The problem:
Transcribe each of the records below exactly, excluding all pictures.

Input records:
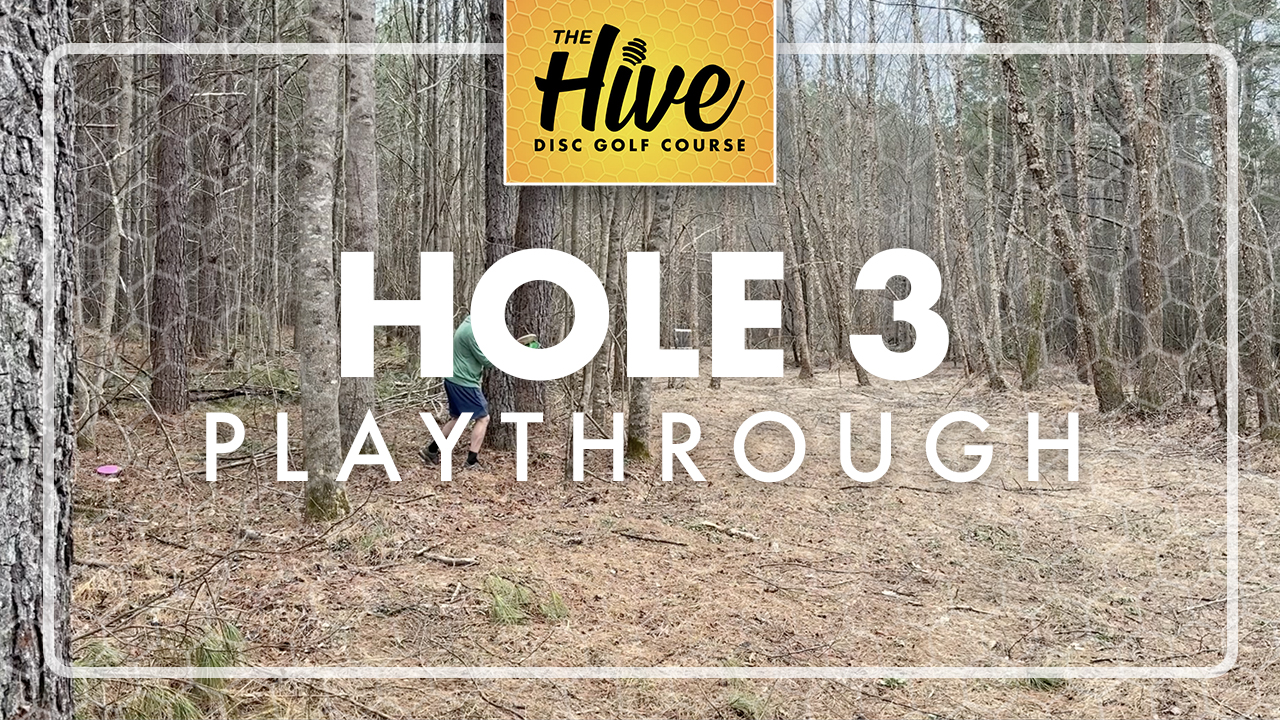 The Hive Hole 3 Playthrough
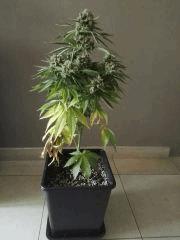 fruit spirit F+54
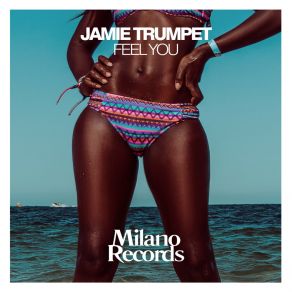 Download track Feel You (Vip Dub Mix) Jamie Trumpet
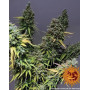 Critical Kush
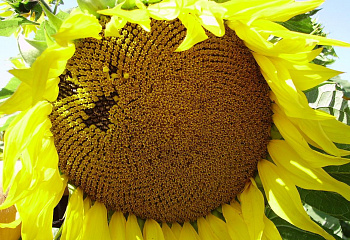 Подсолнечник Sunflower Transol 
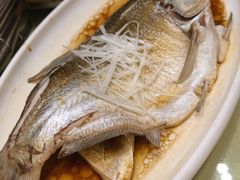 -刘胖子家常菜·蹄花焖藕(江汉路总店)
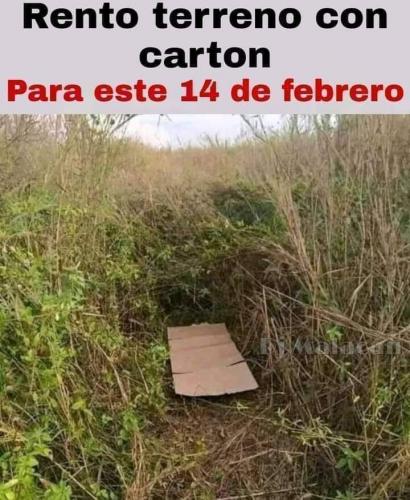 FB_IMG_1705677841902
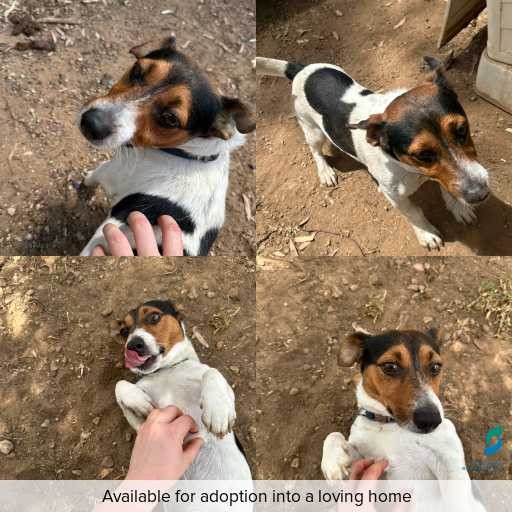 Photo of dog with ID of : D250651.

Result of the task:
 The Hive Hole 3 Playthrough
 fruit spirit F+54
 Download track Feel You (Vip Dub Mix) Jamie Trumpet
 Critical Kush
 Подсолнечник Sunflower Transol 
 -刘胖子家常菜·蹄花焖藕(江汉路总店)
 FB_IMG_1705677841902
 Photo of dog with ID of : D250651.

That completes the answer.